» **Data for the task**

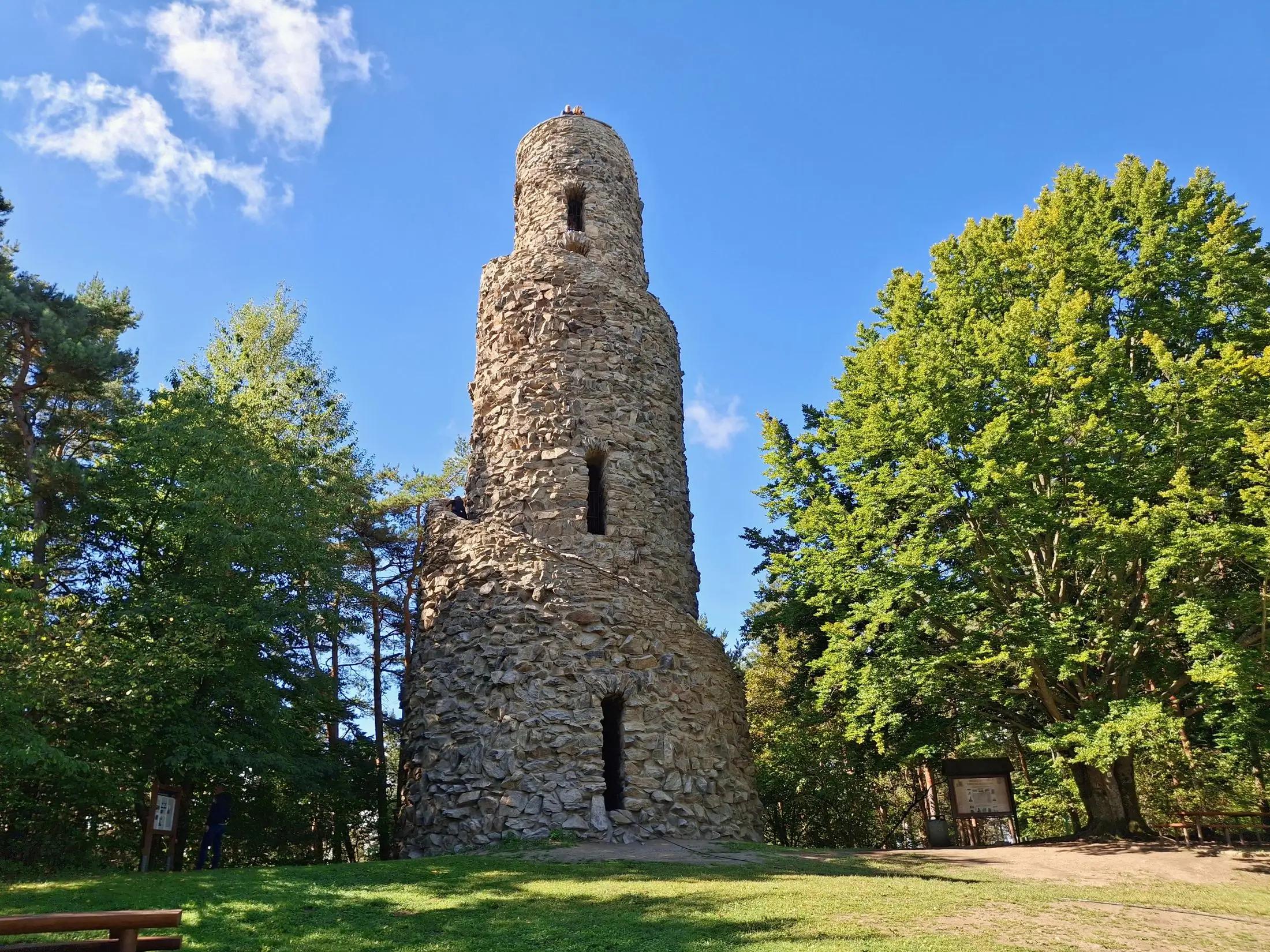 Kamenná rozhledna stojící na vrchu obklopená zelenými stromy
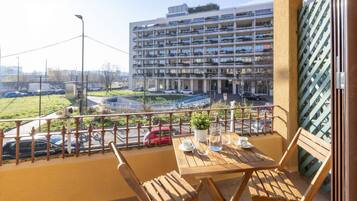 Un balcon avec une table et des chaises, donnant sur un parking et un immeuble à plusieurs étages.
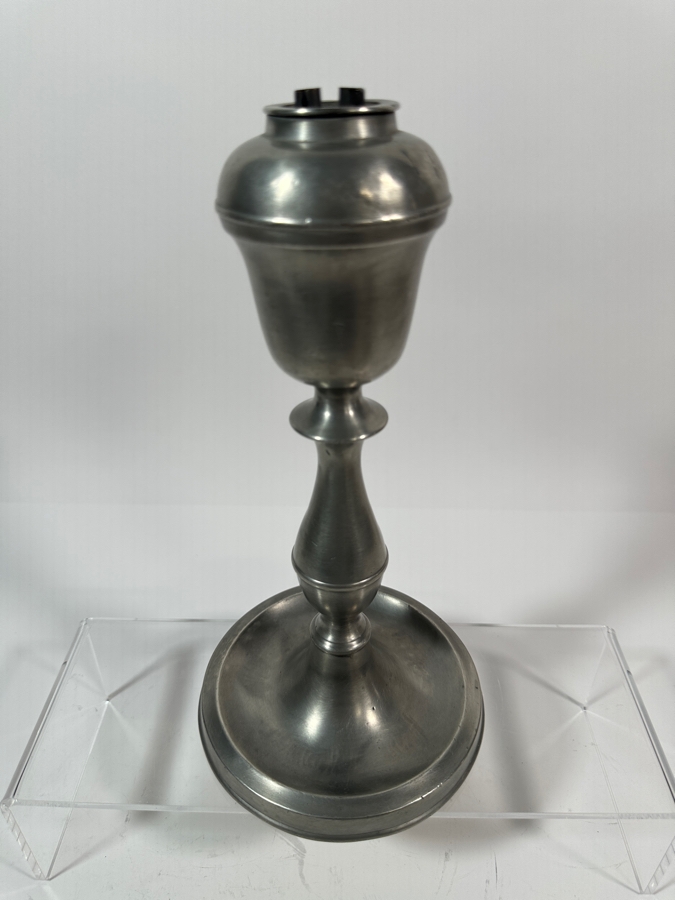 Homans & Co Type Whale Oil Lamp	American, Cincinnati, Ohio Circa 19th Century with Urn-Shaped Upper Portion above a Pear Shaped Stem on a Splayed Foot (the Shade is Missing) 10'H Appraised Value of $1,000 [Photo 3]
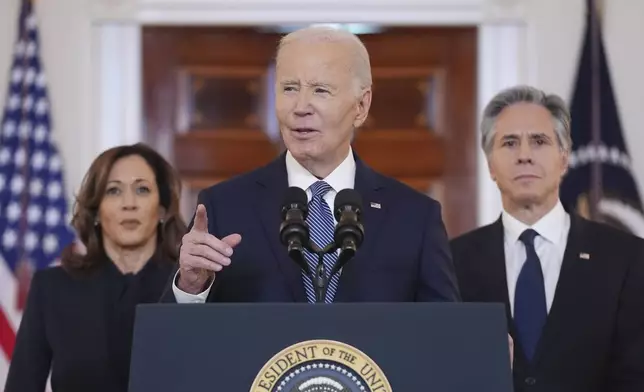 President Joe Biden, center, with Vice President Kamala Harris, left, and Sec. of State Anthony Blinken, right, speaks in the Cross Hall of the White House on the announcement of a ceasefire deal in Gaza and the release of dozens of hostages after more than 15 months of war, Wednesday, Jan. 15, 2025, in Washington. (AP Photo/Evan Vucci)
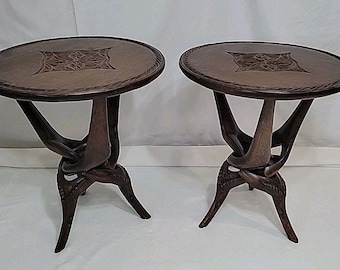 Par de mesas trípode plegables africanas de madera tallada entrelazadas, de estilo vintage, firmadas.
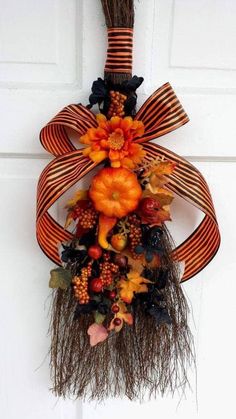 an orange and black wreath hanging on the front door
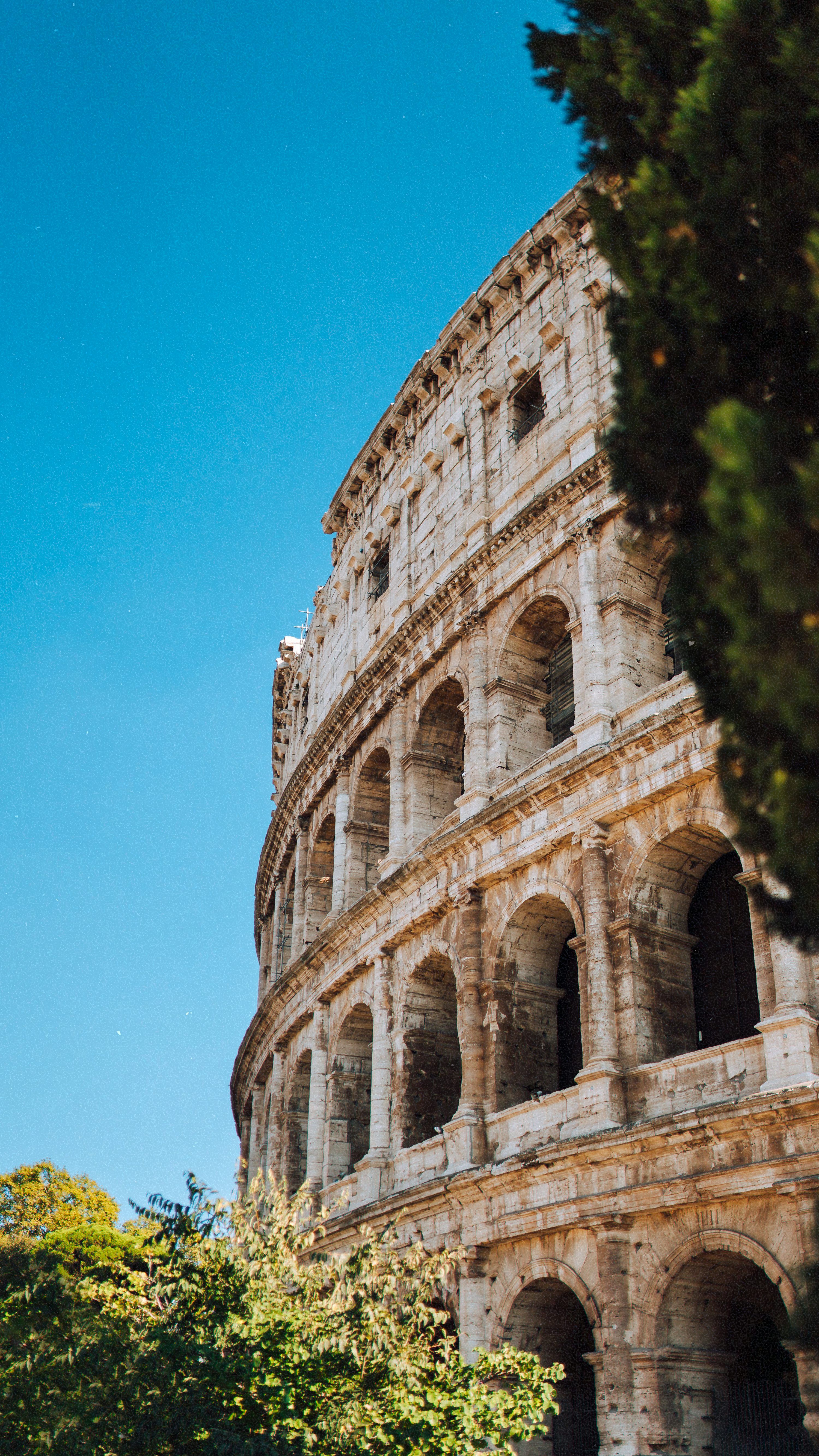 3000x5331 A tall stone building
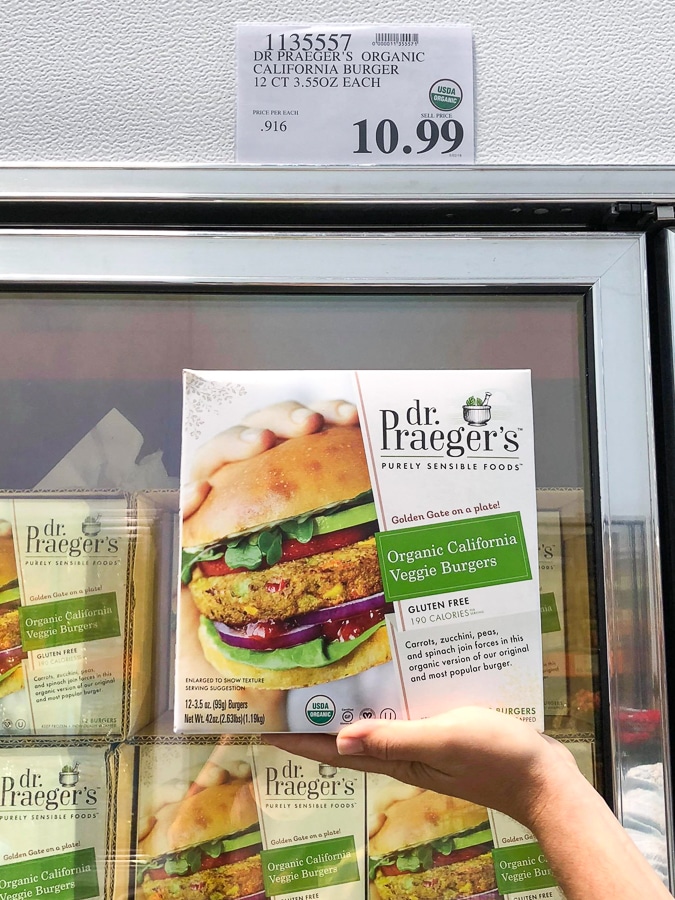 A hand holding a box of Dr. Praeger's organic vegan veggie burgers for $10.99 at Costco.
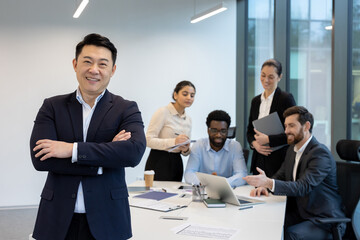 A confident Asian businessman smiles with arms crossed, leading a diverse team in a modern office environment.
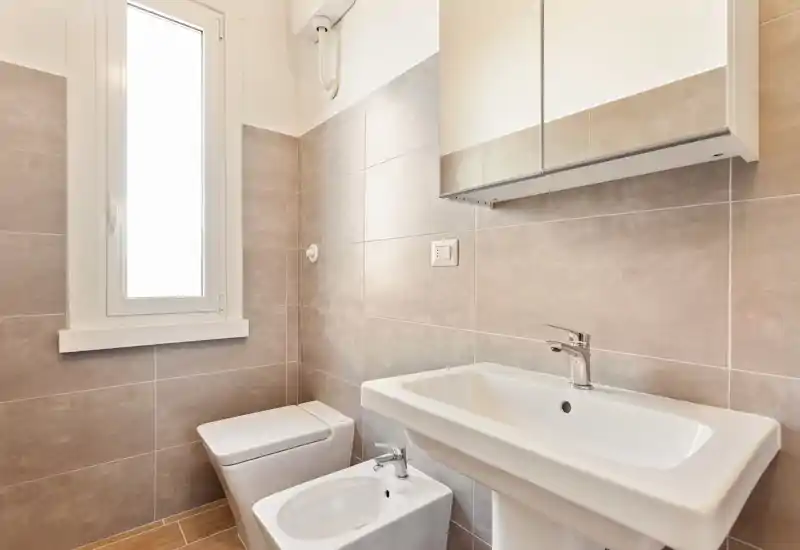 Bright, modern bathroom with a pedestal sink, bidet and toilet next to a tall frosted window; neutral tiles and a mirrored cabinet provide storage and clean lines.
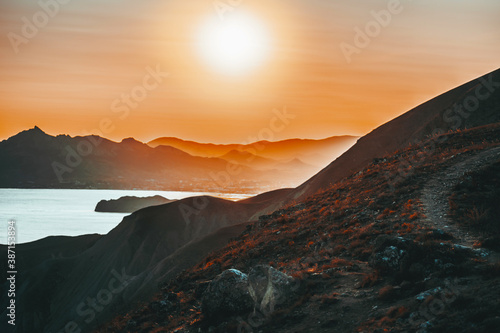 Hilly landscape by the sea in a bright orange sunset. Layers of mountains at sunset, background image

» **Prompt**
The answer should contain every line of the material exactly as written and no pictures.

» **Finished task**
 Kamenná rozhledna stojící na vrchu obklopená zelenými stromy
 Un balcon avec une table et des chaises, donnant sur un parking et un immeuble à plusieurs étages.
 Homans & Co Type Whale Oil Lamp	American, Cincinnati, Ohio Circa 19th Century with Urn-Shaped Upper Portion above a Pear Shaped Stem on a Splayed Foot (the Shade is Missing) 10'H Appraised Value of $1,000 [Photo 3]
 President Joe Biden, center, with Vice President Kamala Harris, left, and Sec. of State Anthony Blinken, right, speaks in the Cross Hall of the White House on the announcement of a ceasefire deal in Gaza and the release of dozens of hostages after more than 15 months of war, Wednesday, Jan. 15, 2025, in Washington. (AP Photo/Evan Vucci)
 Par de mesas trípode plegables africanas de madera tallada entrelazadas, de estilo vintage, firmadas.
 an orange and black wreath hanging on the front door
 3000x5331 A tall stone building
 A hand holding a box of Dr. Praeger's organic vegan veggie burgers for $10.99 at Costco.
 A confident Asian businessman smiles with arms crossed, leading a diverse team in a modern office environment.
 Bright, modern bathroom with a pedestal sink, bidet and toilet next to a tall frosted window; neutral tiles and a mirrored cabinet provide storage and clean lines.
 Hilly landscape by the sea in a bright orange sunset. Layers of mountains at sunset, background image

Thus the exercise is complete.